Various tools for working with RAD files
BSD 3-Clause "New" or "Revised" License
1 stars 0 forks source link

subsampling and spliting rad file #7

Open wangjiawen2013 opened 4 months ago

wangjiawen2013 commented 4 months ago

it will be useful to support subsampling and spliting rad files with radtk.

rob-p commented 4 months ago

The splitting operation is pretty clear to me, but can you elaborate a bit more about what you’d expect from a subsampling command? For example, what would the parameters be, what would the expected input and output be?
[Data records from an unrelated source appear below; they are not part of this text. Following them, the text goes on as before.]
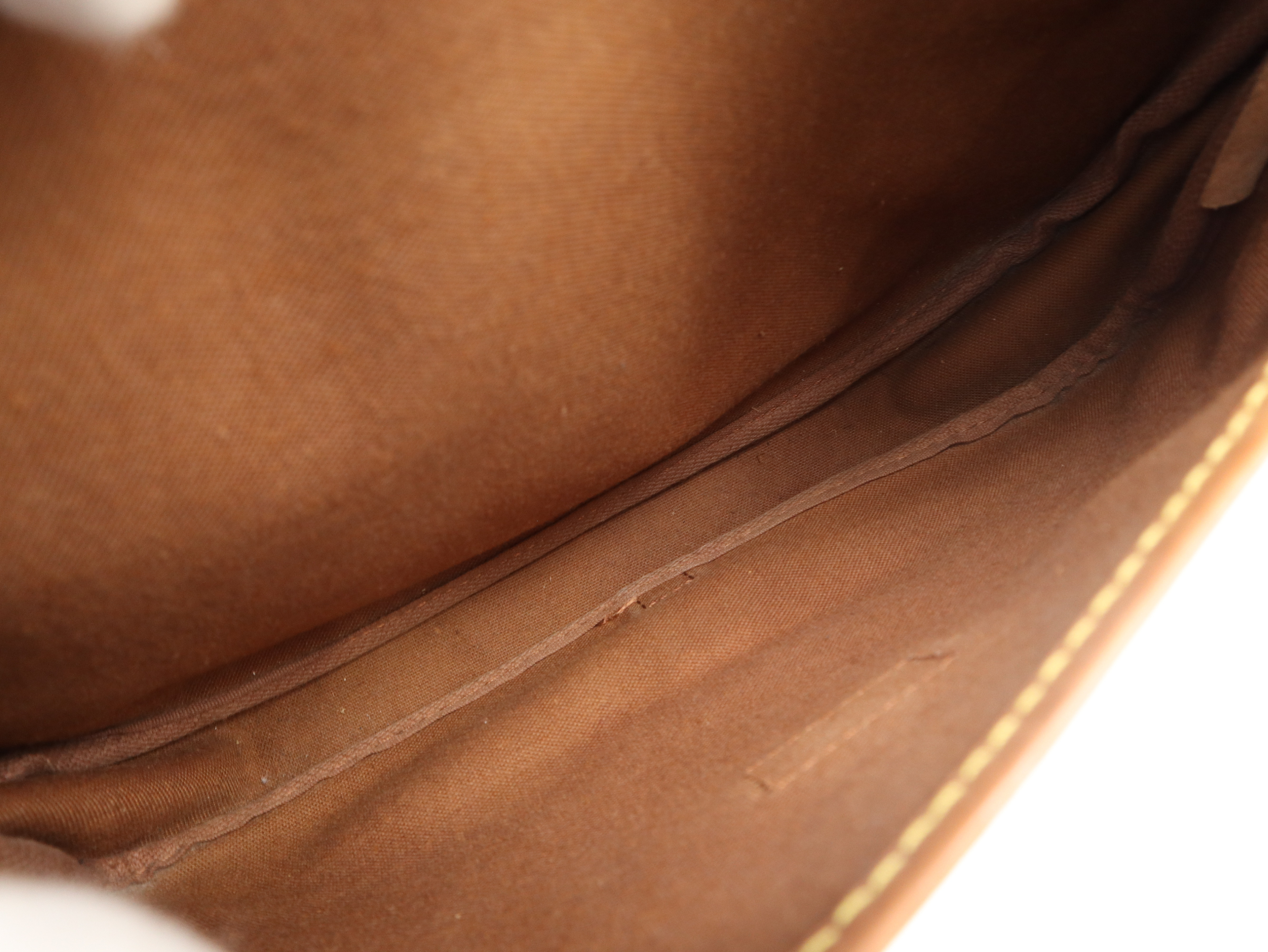 M42256 Monogram Saumur 30 Shoulder Bag — view 12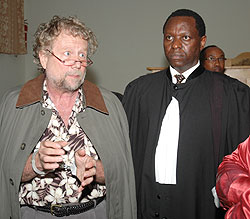 Peter Erlinder (L) and his Kenyan lawyer, Kennedy Ogetto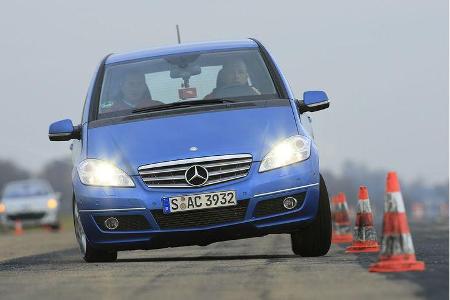 Starke Wankneigung, deutliches Untersteuern und harscher ESP-Eingriff – nicht nur auf dem Testparcours.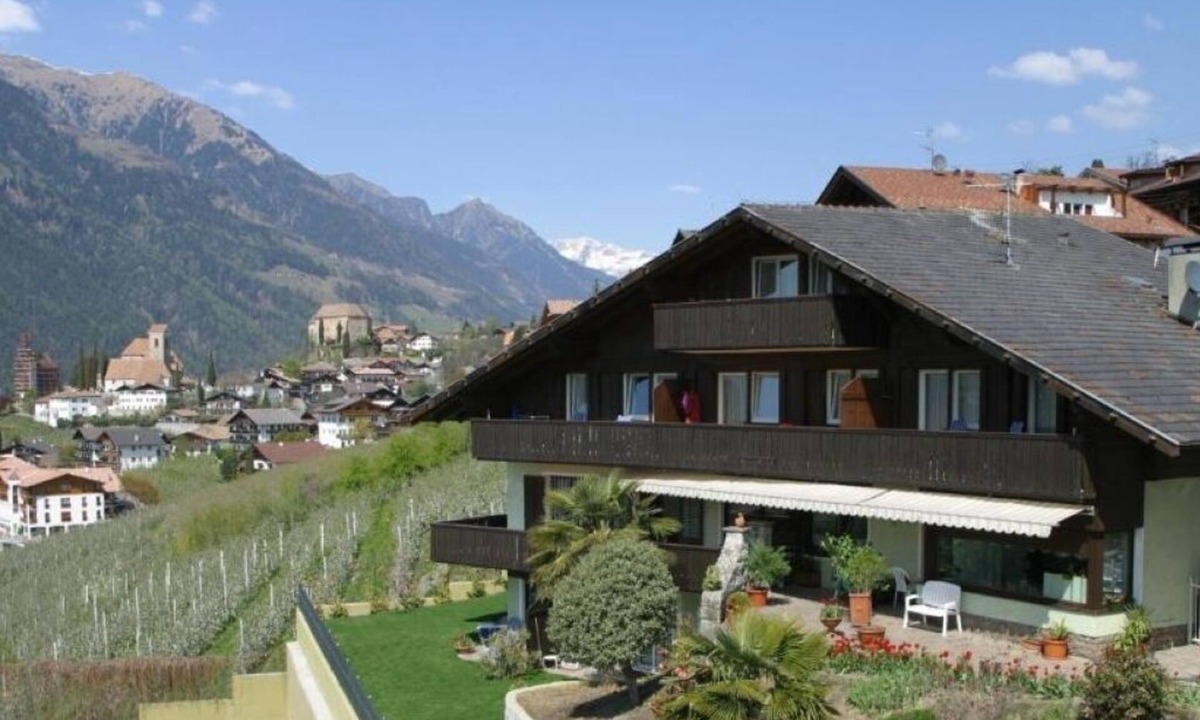 Schenna Apartment | Apartment Maria - Comfortable apartment on the 2nd floor in a quiet location in Schenna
wangjiawen2013 commented 4 months ago

You can make it by imitating samtools. Please refer to this post: https://www.biostars.org/p/76791/ https://bioinformatics.stackexchange.com/questions/402/how-can-i-downsample-a-bam-file-while-keeping-both-reads-in-pairs The input is a rad and the output is a smaller rad file subsampled randomly from the origin rad. It's better to set all the parameters the same as samtools for users from samtools to use it seamlessly.

rob-p commented 4 months ago

I now have a prototype implementation of split on the dev branch. I will probably polish this a bit and cut another release, and then start working on sampling afterward.

wangjiawen2013 commented 4 months ago

Looking forward to it!

rob-p commented 4 months ago

Hi @wangjiawen2013,

Great. I just cut the release of 0.2.0 with the split command. I’ll ping back here again when I have an implementation of sampling.

Best, Rob